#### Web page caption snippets

■ ■ ■ ■ ■ ■ ■

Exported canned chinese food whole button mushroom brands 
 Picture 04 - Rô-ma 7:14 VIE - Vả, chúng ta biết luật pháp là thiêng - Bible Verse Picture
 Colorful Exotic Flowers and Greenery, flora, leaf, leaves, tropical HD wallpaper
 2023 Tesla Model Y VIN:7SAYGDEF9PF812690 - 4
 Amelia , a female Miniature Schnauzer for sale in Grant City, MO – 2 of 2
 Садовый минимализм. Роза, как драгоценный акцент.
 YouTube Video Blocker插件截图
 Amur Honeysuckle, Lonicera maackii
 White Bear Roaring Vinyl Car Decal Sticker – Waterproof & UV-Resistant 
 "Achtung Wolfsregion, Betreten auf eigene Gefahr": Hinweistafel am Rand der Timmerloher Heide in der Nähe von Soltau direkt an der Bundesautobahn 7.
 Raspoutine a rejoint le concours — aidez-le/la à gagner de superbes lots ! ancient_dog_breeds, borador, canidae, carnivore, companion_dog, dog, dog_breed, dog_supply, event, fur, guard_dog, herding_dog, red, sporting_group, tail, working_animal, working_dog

■ ■ ■ ■ ■ ■ ■

#### Task directions
Retype exactly the lines above, from the one with "Amur Honeysuckle, Lonicera maackii" through the one with "der Bundesautobahn 7.", inclusive.

#### Written solution
 Amur Honeysuckle, Lonicera maackii
 White Bear Roaring Vinyl Car Decal Sticker – Waterproof & UV-Resistant 
 "Achtung Wolfsregion, Betreten auf eigene Gefahr": Hinweistafel am Rand der Timmerloher Heide in der Nähe von Soltau direkt an der Bundesautobahn 7.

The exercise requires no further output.